It's well-known how to find the general solution to a linear recurrence $$ a(t) = c_1a(t-1) + \cdots + c_ka(t-k) $$ by looking at the characteristic polynomial, etc.
What is the general method to solve a linear recurrence relation involving vectors and matrices as coefficients? Here $v(t) \in \mathbb C^{n}$ and $A_i\in \text{Mat}^{n\times n}(\mathbb C)$.
$$v(t) = A_1v(t-1) + \cdots + A_{t-k}v(t-k).$$
It's essentially the same as in the scalar case. Suppose the recurrence is: $$v(t)=A_1\,v(t-1)+\cdots+A_k\,v(t-k),$$ where $v(t)$ is a column vector $(v_1(t),\ldots,v_n(t))^\mathrm{T}$ and $A_i$ is an $n\times n$ matrix of constants. Of course we need to specify initial vectors $v(0), \ldots, v(k-1)$ to get started.

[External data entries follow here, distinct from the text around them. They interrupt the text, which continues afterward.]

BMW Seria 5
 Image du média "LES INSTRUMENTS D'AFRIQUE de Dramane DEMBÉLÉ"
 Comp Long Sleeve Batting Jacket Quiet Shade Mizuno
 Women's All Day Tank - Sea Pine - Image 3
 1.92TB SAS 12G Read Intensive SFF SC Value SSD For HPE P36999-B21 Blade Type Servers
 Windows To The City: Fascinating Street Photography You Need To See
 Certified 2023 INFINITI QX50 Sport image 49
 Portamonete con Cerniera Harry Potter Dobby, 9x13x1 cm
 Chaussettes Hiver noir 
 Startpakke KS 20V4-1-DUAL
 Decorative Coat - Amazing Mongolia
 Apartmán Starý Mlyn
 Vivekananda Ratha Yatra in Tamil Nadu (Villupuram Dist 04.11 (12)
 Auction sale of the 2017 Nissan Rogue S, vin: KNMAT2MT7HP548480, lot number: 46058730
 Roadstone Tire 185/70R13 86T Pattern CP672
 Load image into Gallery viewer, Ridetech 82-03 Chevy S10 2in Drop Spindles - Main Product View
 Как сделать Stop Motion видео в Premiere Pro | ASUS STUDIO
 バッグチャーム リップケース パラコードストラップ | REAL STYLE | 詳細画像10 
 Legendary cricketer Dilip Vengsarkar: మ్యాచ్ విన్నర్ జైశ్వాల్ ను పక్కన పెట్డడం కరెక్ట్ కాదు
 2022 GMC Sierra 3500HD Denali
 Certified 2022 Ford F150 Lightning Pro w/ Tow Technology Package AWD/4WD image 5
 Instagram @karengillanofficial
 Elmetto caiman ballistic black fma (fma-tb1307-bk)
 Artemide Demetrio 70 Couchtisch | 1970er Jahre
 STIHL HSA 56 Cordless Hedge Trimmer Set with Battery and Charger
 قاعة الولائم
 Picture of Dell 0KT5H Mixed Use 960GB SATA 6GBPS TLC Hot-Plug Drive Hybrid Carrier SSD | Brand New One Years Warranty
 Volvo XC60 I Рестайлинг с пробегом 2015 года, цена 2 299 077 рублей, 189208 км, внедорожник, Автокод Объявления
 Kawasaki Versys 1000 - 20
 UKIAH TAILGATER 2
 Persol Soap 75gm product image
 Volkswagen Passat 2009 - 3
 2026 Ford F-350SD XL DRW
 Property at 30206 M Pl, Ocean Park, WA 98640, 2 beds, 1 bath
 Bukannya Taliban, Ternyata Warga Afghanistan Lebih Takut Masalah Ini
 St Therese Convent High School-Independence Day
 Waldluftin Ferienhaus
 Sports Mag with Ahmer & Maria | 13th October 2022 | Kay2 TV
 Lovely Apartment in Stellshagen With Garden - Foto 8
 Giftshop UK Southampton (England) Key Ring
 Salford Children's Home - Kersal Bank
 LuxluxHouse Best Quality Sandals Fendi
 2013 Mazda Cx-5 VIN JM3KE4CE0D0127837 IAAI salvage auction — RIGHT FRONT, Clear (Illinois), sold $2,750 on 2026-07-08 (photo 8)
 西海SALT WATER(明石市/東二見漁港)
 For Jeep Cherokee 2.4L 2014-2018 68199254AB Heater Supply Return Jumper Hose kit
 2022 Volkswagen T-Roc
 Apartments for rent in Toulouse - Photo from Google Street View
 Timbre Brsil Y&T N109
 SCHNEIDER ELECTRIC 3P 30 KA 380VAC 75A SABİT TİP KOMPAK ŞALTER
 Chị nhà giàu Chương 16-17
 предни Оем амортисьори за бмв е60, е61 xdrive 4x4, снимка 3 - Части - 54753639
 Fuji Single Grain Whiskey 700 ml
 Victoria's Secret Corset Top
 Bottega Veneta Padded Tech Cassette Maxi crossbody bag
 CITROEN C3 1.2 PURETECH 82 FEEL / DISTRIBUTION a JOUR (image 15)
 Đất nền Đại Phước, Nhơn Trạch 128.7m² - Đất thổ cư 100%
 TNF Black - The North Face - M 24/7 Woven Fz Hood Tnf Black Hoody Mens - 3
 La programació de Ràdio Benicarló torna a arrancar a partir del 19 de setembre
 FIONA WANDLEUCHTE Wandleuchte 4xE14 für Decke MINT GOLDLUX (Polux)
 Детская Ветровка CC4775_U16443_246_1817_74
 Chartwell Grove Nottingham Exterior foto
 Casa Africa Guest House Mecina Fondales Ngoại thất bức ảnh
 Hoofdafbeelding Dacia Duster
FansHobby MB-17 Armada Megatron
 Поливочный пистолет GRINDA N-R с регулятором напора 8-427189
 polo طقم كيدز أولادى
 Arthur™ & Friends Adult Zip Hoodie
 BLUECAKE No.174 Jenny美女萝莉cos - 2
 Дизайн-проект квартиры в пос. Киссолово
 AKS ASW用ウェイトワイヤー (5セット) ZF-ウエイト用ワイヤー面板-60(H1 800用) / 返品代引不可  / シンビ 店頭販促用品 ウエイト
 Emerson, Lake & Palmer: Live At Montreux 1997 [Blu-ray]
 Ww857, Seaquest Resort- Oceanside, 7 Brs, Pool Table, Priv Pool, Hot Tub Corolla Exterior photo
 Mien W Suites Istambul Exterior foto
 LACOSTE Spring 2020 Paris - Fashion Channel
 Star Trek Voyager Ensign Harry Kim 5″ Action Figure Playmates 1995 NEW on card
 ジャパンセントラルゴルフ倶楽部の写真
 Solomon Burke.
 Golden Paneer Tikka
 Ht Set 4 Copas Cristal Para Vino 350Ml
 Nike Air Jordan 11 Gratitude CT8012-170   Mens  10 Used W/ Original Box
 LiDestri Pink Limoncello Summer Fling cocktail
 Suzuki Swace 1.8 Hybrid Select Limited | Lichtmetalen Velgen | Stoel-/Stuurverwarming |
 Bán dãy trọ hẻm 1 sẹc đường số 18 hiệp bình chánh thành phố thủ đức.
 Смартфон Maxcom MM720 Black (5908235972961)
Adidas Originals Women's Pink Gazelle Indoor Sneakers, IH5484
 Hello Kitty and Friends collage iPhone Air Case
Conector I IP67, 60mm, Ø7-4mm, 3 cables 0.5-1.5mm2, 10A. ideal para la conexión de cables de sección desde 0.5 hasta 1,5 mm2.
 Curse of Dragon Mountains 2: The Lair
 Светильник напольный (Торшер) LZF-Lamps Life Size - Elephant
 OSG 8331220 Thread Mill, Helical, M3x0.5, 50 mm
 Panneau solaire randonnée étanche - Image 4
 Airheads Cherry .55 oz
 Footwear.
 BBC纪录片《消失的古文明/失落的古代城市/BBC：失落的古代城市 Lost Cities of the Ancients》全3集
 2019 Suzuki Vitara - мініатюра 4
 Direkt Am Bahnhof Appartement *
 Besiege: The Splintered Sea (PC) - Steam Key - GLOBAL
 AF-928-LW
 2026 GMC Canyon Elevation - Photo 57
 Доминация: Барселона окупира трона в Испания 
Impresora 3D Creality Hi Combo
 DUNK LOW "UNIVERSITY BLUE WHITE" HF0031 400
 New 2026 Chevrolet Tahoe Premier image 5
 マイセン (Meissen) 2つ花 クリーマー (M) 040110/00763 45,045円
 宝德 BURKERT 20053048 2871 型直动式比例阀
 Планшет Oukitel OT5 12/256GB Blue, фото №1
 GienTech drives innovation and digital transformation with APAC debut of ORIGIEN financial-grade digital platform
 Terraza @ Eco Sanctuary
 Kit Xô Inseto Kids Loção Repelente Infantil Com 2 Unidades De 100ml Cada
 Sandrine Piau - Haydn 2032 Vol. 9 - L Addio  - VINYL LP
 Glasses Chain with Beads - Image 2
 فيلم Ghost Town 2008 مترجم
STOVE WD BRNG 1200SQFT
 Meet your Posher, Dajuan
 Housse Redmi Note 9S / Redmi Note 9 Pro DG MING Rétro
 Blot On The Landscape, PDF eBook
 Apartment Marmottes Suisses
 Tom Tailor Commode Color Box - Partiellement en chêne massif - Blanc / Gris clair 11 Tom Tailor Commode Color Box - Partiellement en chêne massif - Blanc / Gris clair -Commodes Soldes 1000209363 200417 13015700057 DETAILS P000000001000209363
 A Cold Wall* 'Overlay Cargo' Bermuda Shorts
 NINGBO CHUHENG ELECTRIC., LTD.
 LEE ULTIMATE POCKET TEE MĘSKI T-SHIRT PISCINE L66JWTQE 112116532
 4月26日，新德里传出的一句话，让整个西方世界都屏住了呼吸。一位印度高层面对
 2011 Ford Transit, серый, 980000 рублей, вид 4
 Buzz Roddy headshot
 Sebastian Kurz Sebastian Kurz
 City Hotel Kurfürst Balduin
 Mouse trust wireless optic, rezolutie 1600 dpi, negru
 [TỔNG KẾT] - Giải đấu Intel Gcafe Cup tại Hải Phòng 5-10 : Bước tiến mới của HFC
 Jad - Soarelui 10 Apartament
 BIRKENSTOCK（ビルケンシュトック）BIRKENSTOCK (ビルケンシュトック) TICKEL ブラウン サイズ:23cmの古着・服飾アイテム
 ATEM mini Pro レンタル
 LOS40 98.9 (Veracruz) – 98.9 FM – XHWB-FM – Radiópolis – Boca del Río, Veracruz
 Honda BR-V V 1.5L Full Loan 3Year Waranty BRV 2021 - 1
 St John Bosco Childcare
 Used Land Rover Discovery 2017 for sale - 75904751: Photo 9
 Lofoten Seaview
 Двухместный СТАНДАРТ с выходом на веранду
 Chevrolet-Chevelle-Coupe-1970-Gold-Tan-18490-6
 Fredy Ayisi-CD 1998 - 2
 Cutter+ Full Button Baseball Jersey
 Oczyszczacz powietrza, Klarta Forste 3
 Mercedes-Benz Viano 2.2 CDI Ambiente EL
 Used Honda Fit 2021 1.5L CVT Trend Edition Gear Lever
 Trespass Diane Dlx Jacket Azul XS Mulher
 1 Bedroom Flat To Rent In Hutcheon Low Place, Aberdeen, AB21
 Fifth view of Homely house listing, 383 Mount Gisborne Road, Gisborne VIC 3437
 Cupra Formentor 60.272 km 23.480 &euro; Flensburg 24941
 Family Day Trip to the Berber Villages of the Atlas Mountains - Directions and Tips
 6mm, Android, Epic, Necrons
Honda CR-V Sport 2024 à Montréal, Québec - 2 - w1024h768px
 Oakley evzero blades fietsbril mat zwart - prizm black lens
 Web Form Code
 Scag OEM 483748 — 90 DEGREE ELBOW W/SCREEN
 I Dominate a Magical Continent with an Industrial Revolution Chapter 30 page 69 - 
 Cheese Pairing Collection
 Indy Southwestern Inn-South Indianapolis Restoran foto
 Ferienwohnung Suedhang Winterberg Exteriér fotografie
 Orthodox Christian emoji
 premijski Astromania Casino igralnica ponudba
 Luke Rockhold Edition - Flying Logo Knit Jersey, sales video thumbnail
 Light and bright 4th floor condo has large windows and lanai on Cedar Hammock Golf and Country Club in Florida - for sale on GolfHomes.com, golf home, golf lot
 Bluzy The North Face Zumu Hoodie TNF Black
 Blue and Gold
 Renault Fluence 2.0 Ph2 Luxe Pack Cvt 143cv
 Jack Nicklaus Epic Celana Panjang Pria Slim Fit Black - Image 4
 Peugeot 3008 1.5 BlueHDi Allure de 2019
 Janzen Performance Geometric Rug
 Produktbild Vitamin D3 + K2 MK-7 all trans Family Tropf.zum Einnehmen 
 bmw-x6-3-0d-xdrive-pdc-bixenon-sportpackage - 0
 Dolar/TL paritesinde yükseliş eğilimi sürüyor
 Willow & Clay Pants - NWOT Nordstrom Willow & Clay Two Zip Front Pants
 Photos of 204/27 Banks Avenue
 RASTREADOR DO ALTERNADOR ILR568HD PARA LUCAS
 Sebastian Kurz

For $i=1, \ldots, n$, let $B_i = b_{i,0} + b_{i,1}\,x+ b_{i,2}\,x^2+\cdots$ be the formal power series in $x$, with $b_{i,j} := v_i(j)$, and let $B$ be the column vector $(B_1,\ldots, B_n)^\mathrm{T}$. The recurrence relation tells us that $$C:=B-(A_1\,B\,x+\cdots+A_k\,B\,x^k)= (I-A_1\,x-A_2x^2-\cdots-A_k\,x^k)\,B.$$ is a column of polynomials in $x$. Here, $(I-A_1\,x-A_2x^2-\cdots-A_k\,x^k)$ is an $n\times n$ matrix whose entries are polynomials in $x$. Each off-diagonal entry is either $0$ or of degree $>0$, while the diagonal entries have non-zero constant term. Therefore, the determinant of this matrix is non-zero and hence it has an inverse with entries in the field of rational functions. Thus: $$B= (I-A_1\,x-A_2x^2-\cdots-A_k\,x^k)^{-1}\,C.$$
I needed to use this method for a problem in combinatorial probability that I was working on. I have been searching for a reference in a textbook, but have not yet found it described anywhere.